INSTRUCTIONS TO FOLLOW >>
Straight copy, no pictures: transcribe each entry as it stands.

SUPPLIED INFORMATION >>
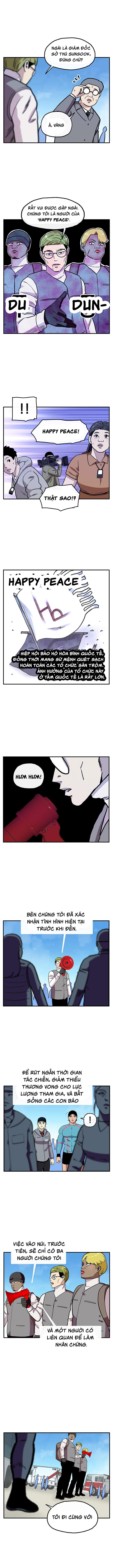 Chúa Tể Muôn Loài Chapter 42 - Trang 2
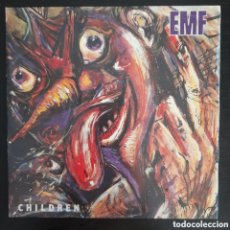 Discos de vinilo: EMF – CHILDREN. 1991. VINILO, 7”, SINGLE, 45 RPM
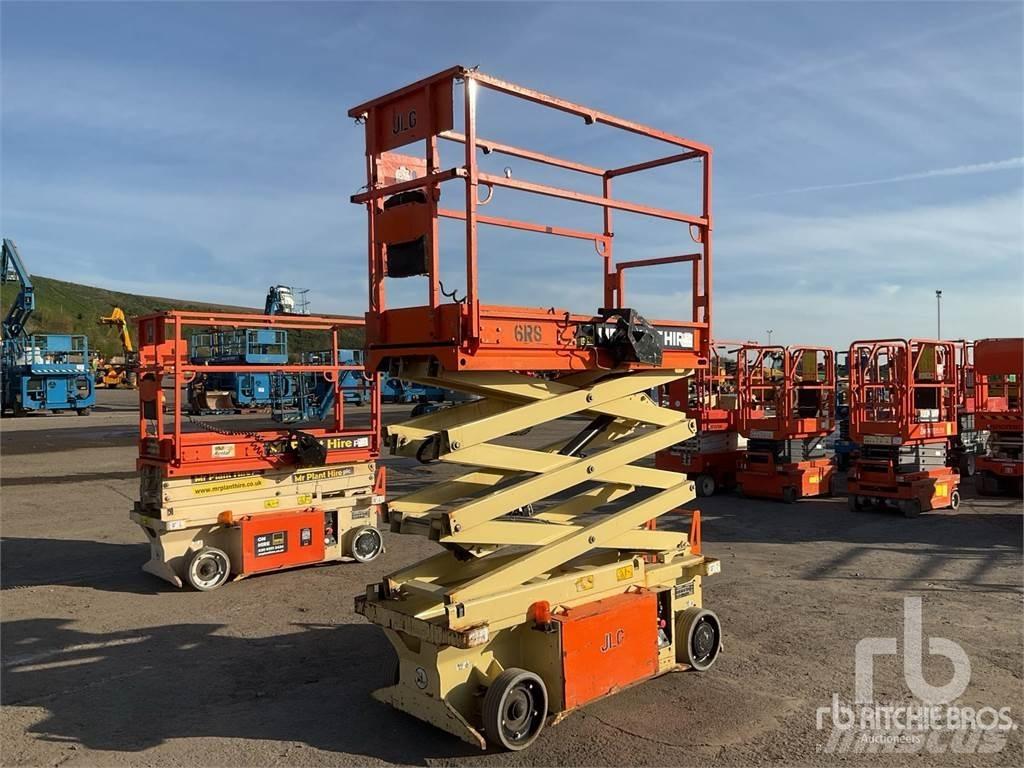 JLG 6RS Elevadores de tesoura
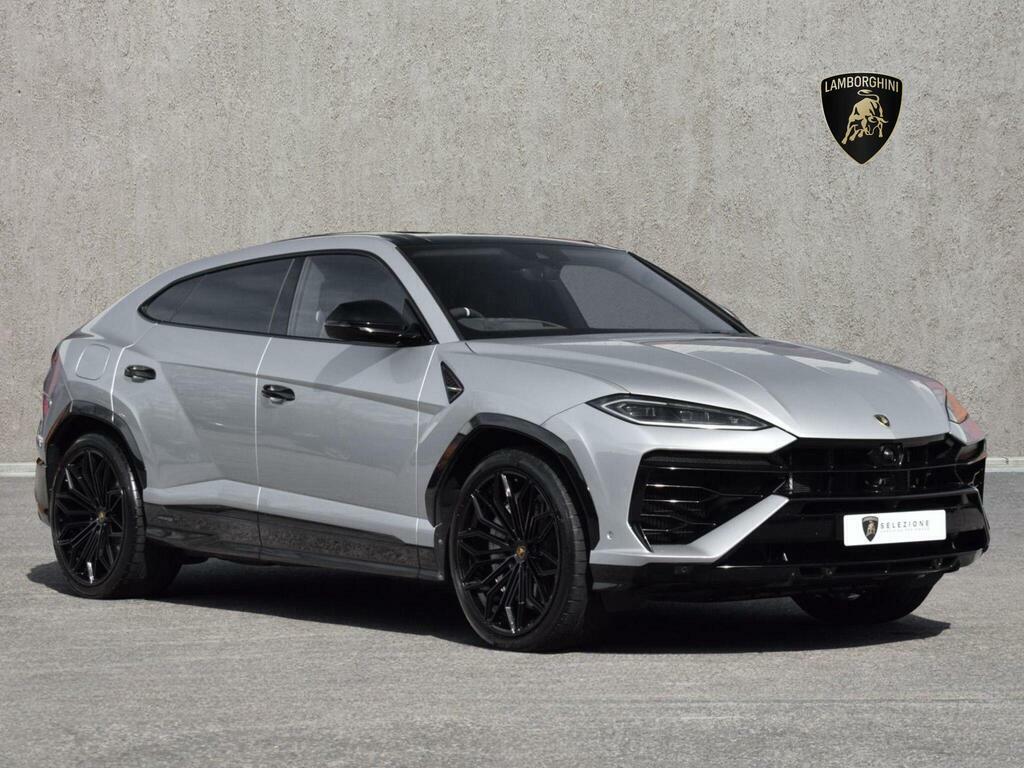 Lamborghini Urus 4.0 V8 Biturbo 25.9Kwh Se Suv Plug-in H
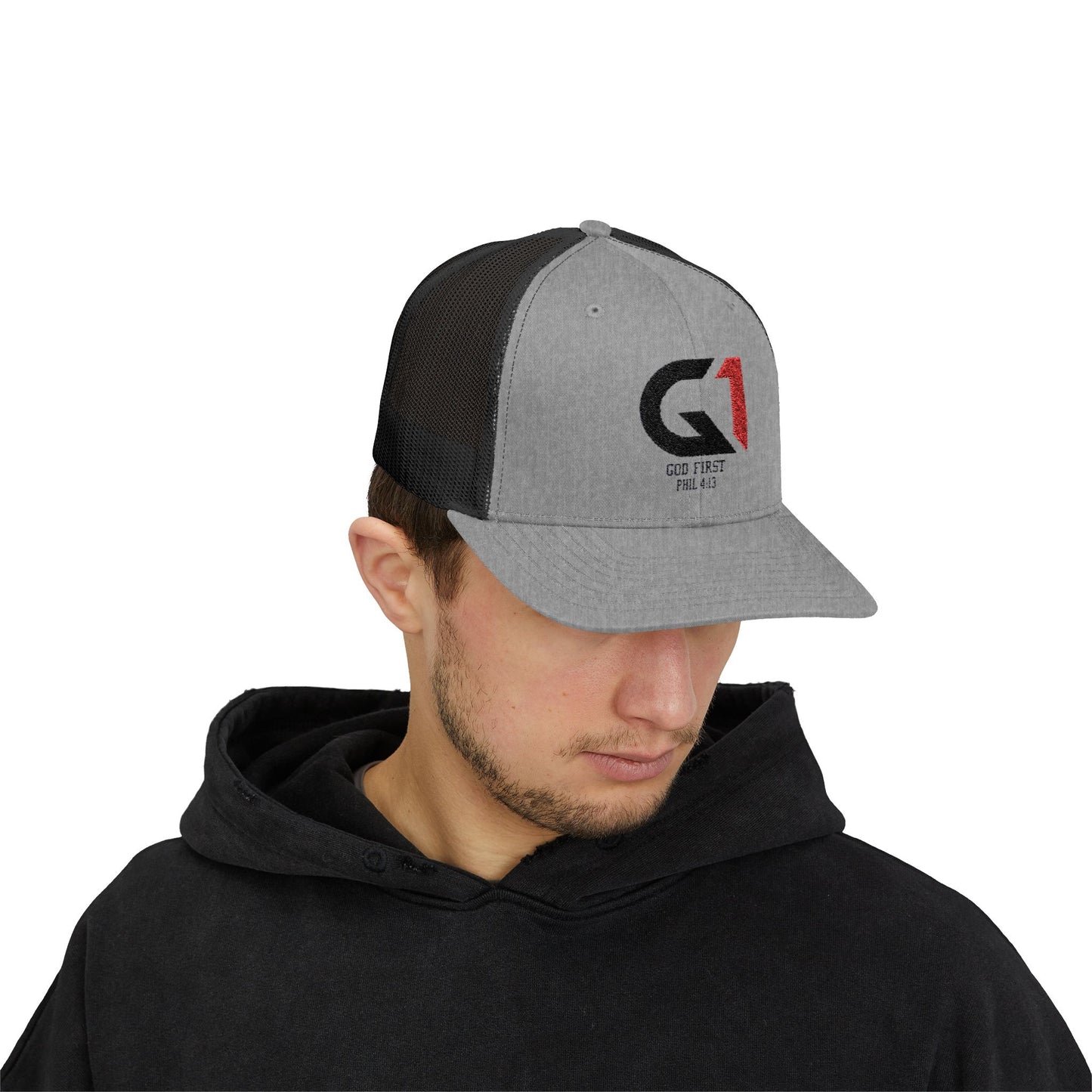 Stylish Snapback Trucker Cap - Perfect for Casual Outings, Beach Days, Gifts, Events, and Sports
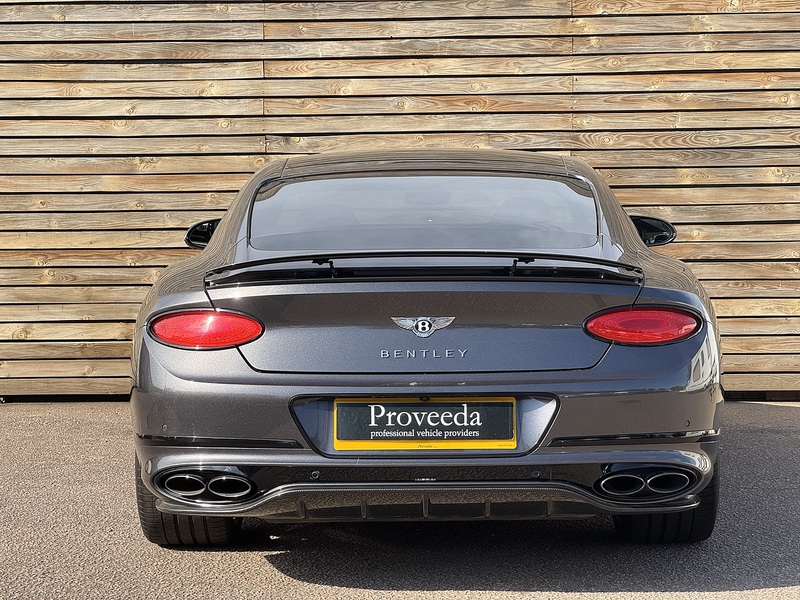 Bentley Continental 2022'72 V8 GT | Mulliner | Pan Roof | Rotating screen | NAIM - U9090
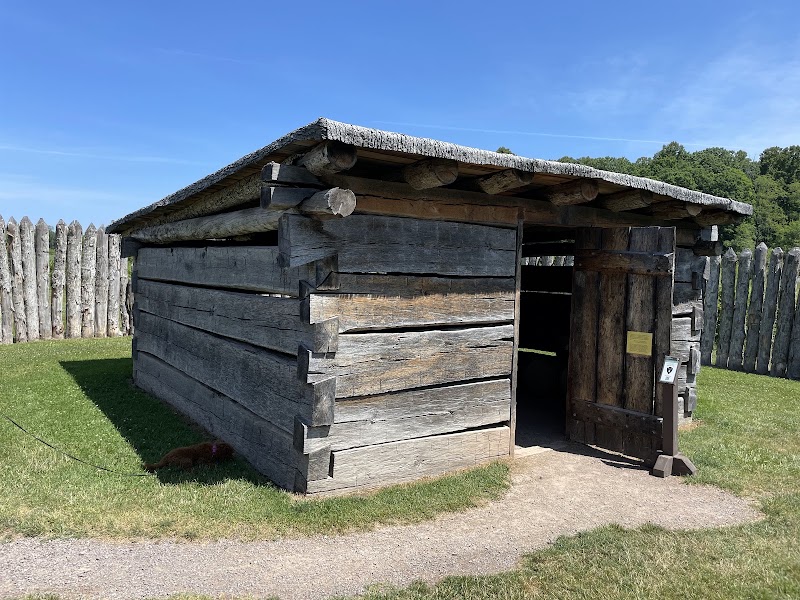 Fort Necessity National Battlefield - Fort Necessity National Battlefield, National Pike, Farmington, PA 15437, USA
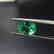 1.28 ct Emerald 6.0*8.1 mm Oval Cut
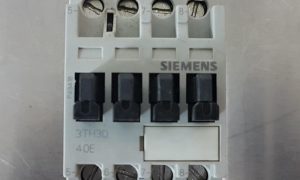 Siemens 3TH3040-0A Control Relay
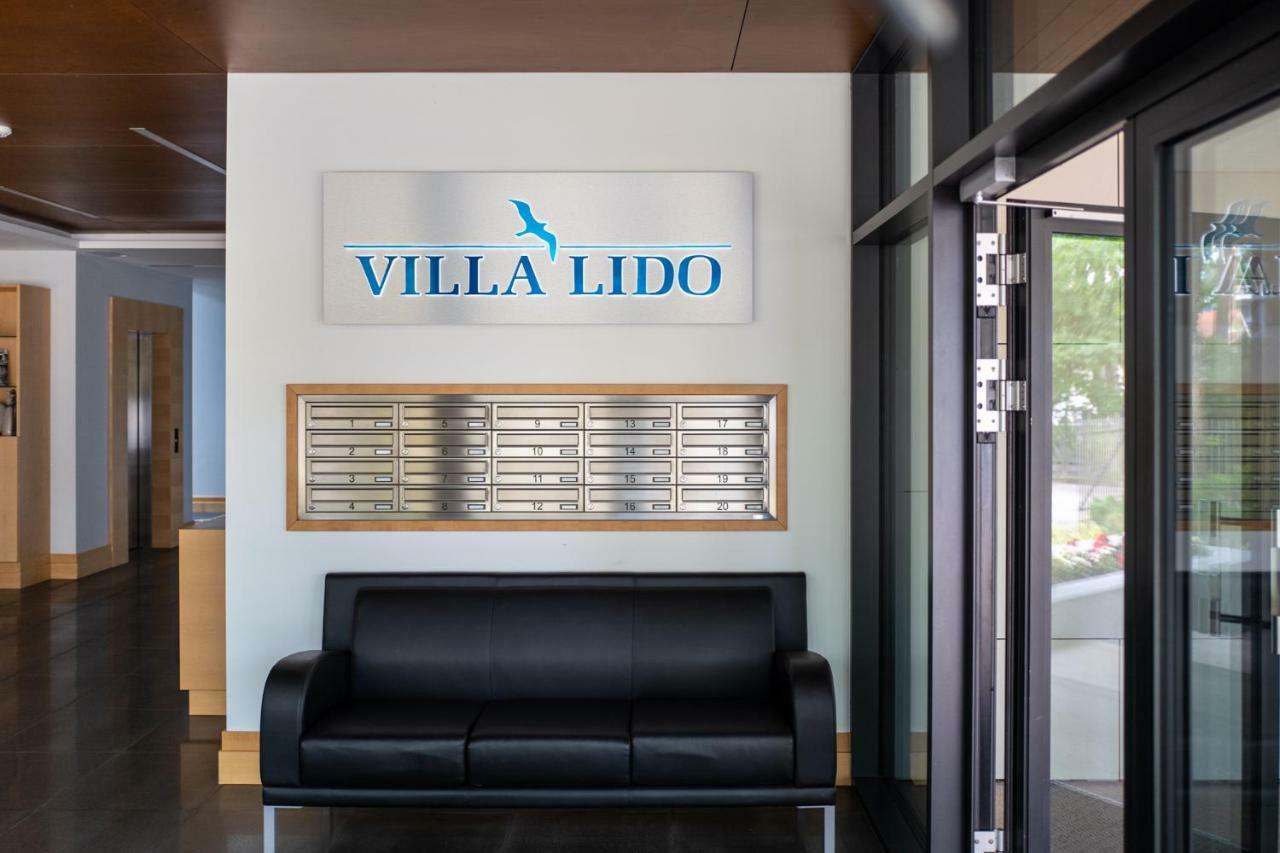 Villa Lido Apartments Юрмала Екстер'єр фото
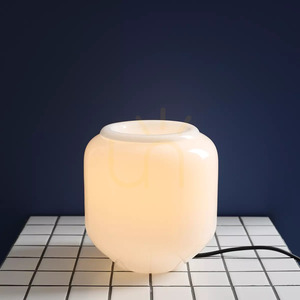Stolná lampa Aldex Flask Orchid S sklo 18 cm 8500B1_S small 1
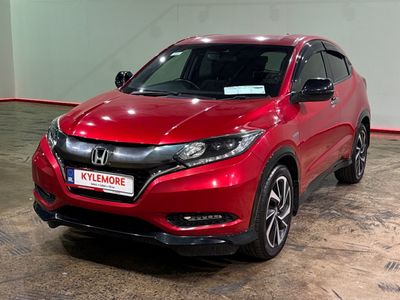 2017 Honda Vezel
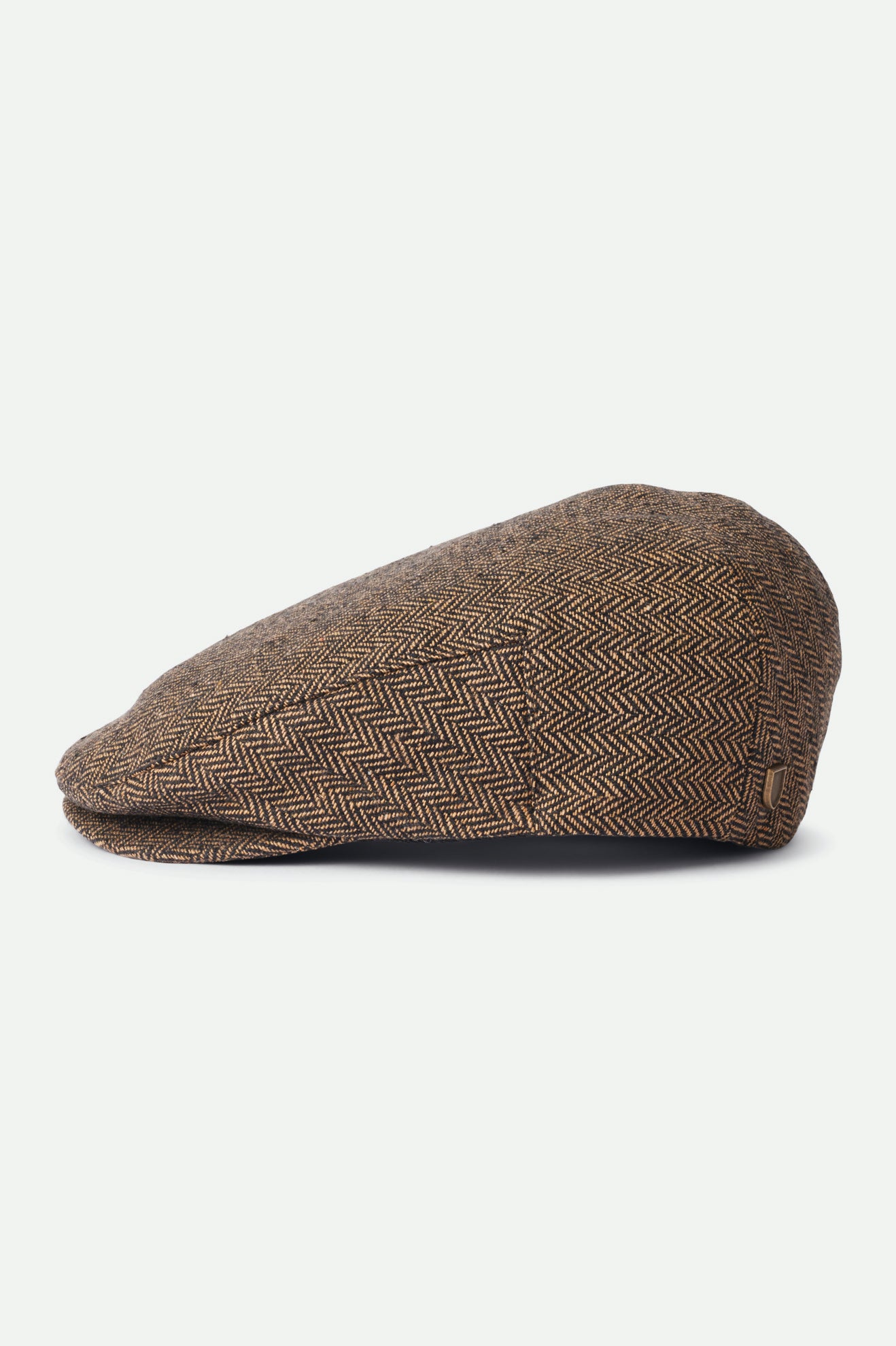 Brixton Hooligan Snap Hat Dame Brune Khaki | 9258RWEFG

RESULT OF THIS TASK >>
 Chúa Tể Muôn Loài Chapter 42 - Trang 2
 Discos de vinilo: EMF – CHILDREN. 1991. VINILO, 7”, SINGLE, 45 RPM
 JLG 6RS Elevadores de tesoura
 Lamborghini Urus 4.0 V8 Biturbo 25.9Kwh Se Suv Plug-in H
 Stylish Snapback Trucker Cap - Perfect for Casual Outings, Beach Days, Gifts, Events, and Sports
 Bentley Continental 2022'72 V8 GT | Mulliner | Pan Roof | Rotating screen | NAIM - U9090
 Fort Necessity National Battlefield - Fort Necessity National Battlefield, National Pike, Farmington, PA 15437, USA
 1.28 ct Emerald 6.0*8.1 mm Oval Cut
 Siemens 3TH3040-0A Control Relay
 Villa Lido Apartments Юрмала Екстер'єр фото
Stolná lampa Aldex Flask Orchid S sklo 18 cm 8500B1_S small 1
 2017 Honda Vezel
 Brixton Hooligan Snap Hat Dame Brune Khaki | 9258RWEFG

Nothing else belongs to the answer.